About this exercise – Could you print the stretch of lines below from the one with "Appliance Icon Grid." through the one with "Pre-owned Helmut Lang", exactly as they stand and without any pictures?

Data records –

◇ ◇ ◇

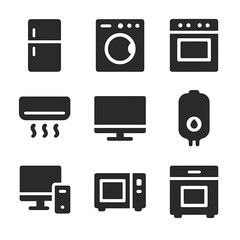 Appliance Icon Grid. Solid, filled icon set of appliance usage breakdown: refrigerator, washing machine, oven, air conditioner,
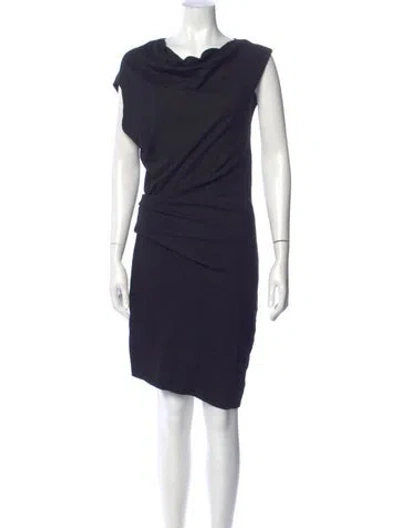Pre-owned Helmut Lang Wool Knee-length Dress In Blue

◇ ◇ ◇

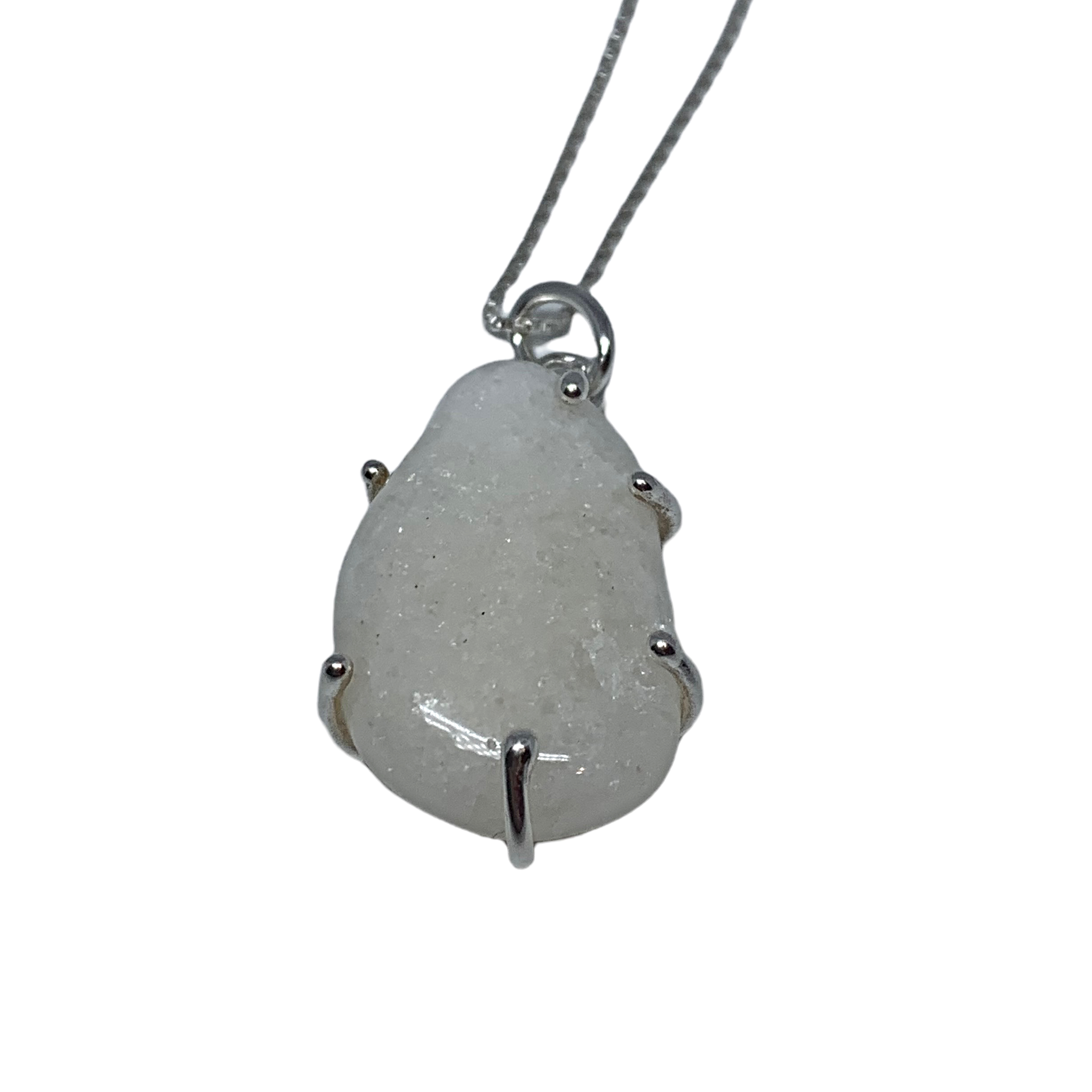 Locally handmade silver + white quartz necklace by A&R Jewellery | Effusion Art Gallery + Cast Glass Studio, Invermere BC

◇ ◇ ◇

Solution below –
 Appliance Icon Grid. Solid, filled icon set of appliance usage breakdown: refrigerator, washing machine, oven, air conditioner,
Pre-owned Helmut Lang Wool Knee-length Dress In Blue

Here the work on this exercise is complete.